The petitioner sought to exercise his right of review of the decision in terms of section 35A of the 1987 Act, but before that review concluded he raised judicial review proceedings seeking declarator that the respondent has acted ultra vires of section 29(1)(a) of the Housing (Scotland) Act 1987 by failing to provide him with interim accommodation and refusing to undertake a homelessness assessment in accordance with section 28 of the 1987 Act.
He also sought declarator that the respondent had “erred in law” in finding the petitioner was not exercising a European Union Treaty right which entitled him to homelessness assistance in Scotland.

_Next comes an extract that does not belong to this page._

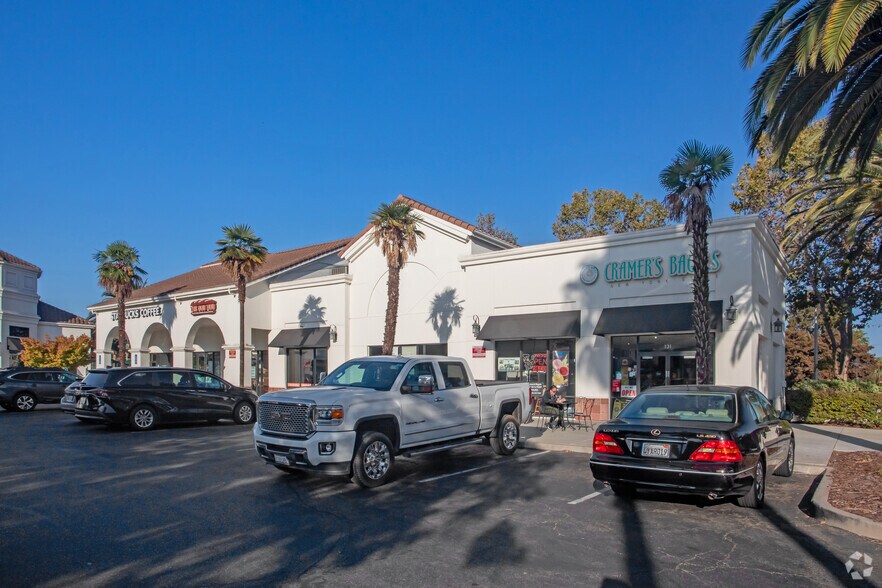 More Photos Of 495 El Camino Real, Santa Clara Restaurant For Lease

However, the respondent’s position was that there was “no need” for the present judicial review proceedings as the petitioner had a statutory form of review open to him in terms of section 35A, which provides that where an applicant requests a review of any decision as to what duty (if any) is owed to the applicant under section 31 or 32, the local authority concerned shall review the decision.
It was argued that the petitioner had failed to exhaust his alternative remedies and therefore the petition should be refused on the basis that it was “incompetent” to proceed by way of judicial review, the remedies provided by which arose from the supervisory jurisdiction of the court where there was no other remedy available.
The petitioner’s position was that a statutory review of the respondent’s decision under section 35A of the 1987 Act was not competent, as the decision was not made under the legislation; rather, it was a determination of the petitioner’s immigration status under EU treaty rights.
It was submitted that the respondent’s decision made no finding or decision with respect to any of the duties or statutory tests set out in section 31 of the 1987 Act, thus no statutory review was available.
The decision letter made no decision as to whether the petitioner was homeless, in terms of section 24 of the 1987 Act, and whether he became homeless intentionally, in terms of section 26 of the 1987 Act.
Instead, it was argued that the letter made a decision based on the petitioner’s immigration law status in terms of the Immigration (European Economic Area) Regulations 2016, under which EU nationals may accrue rights within the UK.
It followed that a review in terms of section 35A was not open to the petitioner and that, accordingly, he required to seek a judicial review.
The petitioner sought reduction of the decision and an order for specific performance of the respondent’s duty to undertake a homelessness assessment in accordance with section 28 of the 1987 Act and accommodate him.
‘Incompetent and premature’
The judge held that the petition was “incompetent and premature”.
In a written opinion, Lord Bannatyne said: “Looking to the plain and ordinary meaning of the language in the above provision I am satisfied that the scope of the review provided for therein is sufficiently wide to encompass the challenged decision.
“On a fair reading of the decision letter what is decided by the respondent is that no duty was owed to the petitioner in terms of section 31 as he had not established that he was a ‘qualified person’ in terms of Regulation 6 of the 2016 Regulations.
“The argument advanced by the petitioner that there has been no decision in terms of section 31 of the 1987 Act but rather a decision in terms of the 2016 Regulations for these reasons appears to me to be misconceived.
“The decision was not to hold him entitled to accommodation in terms of section 31 because he was not eligible for such. That is a decision in terms of section 31.
“Accordingly, having held that the above was the effect of the decision it appears to me that decision of the respondent falls four square within the scope of section 35A(2)(a). Thus I am persuaded that the petitioner has a right to a statutory review in terms of the said provision.
“Thus the petitioner has not exhausted all of his statutory remedies. The review procedure in terms of section 35A remains open to him. That review procedure is capable of curing the alleged injustice of which he complains.”
The judge added that judicial review was a remedy of “last resort”.
“Judicial review is an equitable remedy to prevent injustice,” he said.
“Given there is a statutory review procedure open to the petitioner he does not require to resort to judicial review. For the foregoing reasons I hold that the petition is incompetent and premature.”